* _Work instruction_: Return the number of lines below that contain "Square"; nothing else belongs in the reply.
:: Data in this exercise ::
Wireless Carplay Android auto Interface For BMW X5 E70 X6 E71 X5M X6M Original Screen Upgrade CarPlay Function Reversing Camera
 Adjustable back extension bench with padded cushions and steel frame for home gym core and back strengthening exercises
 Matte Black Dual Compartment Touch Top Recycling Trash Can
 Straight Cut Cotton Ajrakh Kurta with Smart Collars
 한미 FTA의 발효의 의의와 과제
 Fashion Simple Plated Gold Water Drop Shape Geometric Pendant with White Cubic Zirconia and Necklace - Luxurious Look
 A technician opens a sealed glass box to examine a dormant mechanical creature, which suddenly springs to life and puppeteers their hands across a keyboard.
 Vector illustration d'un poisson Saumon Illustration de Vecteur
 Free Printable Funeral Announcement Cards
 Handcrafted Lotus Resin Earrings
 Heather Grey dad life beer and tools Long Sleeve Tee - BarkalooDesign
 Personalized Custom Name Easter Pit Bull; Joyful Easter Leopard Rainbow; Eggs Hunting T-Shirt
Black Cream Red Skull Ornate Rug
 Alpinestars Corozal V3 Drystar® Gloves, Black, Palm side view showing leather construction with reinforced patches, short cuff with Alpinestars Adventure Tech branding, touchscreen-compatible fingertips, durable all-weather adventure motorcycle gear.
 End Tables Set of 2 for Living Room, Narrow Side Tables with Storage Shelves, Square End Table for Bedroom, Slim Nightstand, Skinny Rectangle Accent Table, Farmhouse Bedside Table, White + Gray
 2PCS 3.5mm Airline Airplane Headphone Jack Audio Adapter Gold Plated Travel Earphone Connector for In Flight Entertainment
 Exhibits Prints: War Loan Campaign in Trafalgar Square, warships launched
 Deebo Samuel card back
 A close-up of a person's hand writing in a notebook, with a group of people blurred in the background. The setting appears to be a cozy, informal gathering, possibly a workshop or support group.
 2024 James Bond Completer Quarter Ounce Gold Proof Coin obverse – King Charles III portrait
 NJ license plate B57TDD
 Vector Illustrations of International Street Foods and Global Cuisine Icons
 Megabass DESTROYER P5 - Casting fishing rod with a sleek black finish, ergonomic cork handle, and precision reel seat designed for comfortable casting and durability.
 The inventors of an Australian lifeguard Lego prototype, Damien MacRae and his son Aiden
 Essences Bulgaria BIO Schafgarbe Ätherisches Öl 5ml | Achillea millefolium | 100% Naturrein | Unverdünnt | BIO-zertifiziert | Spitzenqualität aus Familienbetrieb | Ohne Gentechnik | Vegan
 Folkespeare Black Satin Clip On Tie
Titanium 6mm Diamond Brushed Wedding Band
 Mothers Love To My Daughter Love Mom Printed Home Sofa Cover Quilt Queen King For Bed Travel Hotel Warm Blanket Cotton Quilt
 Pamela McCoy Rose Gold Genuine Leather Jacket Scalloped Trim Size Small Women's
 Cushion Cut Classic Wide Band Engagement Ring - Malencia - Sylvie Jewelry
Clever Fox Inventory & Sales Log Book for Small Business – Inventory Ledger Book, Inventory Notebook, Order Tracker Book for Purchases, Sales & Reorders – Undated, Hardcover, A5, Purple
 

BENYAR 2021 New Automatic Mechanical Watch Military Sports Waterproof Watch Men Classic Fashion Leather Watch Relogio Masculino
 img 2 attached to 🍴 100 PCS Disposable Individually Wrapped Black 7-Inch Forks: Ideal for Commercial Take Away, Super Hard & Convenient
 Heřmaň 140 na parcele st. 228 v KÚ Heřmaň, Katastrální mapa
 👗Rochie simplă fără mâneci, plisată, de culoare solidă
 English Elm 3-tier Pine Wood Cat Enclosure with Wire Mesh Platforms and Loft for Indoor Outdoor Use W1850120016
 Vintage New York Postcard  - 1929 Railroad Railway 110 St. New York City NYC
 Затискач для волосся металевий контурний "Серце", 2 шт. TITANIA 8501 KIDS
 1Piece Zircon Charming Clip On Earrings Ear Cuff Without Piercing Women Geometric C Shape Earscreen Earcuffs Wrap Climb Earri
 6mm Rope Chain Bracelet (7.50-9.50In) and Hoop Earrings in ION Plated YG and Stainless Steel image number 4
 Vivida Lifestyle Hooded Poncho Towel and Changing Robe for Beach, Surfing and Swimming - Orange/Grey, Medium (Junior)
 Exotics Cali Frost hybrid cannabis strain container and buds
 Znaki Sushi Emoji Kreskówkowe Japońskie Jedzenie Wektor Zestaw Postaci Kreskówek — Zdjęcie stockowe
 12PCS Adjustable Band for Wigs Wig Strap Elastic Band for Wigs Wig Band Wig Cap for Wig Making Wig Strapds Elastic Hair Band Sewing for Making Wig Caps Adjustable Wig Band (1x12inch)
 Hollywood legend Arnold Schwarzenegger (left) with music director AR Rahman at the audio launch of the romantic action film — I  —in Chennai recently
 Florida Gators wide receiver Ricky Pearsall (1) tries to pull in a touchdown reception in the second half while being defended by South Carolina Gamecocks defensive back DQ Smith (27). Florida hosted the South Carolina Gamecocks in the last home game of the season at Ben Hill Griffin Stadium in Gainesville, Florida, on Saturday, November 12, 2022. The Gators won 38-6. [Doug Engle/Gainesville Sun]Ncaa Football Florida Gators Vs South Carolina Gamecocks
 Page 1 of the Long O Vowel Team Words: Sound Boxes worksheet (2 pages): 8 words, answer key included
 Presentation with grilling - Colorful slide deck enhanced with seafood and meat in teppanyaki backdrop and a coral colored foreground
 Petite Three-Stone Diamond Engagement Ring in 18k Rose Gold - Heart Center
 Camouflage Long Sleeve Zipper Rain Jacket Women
:::
* _Result_: 2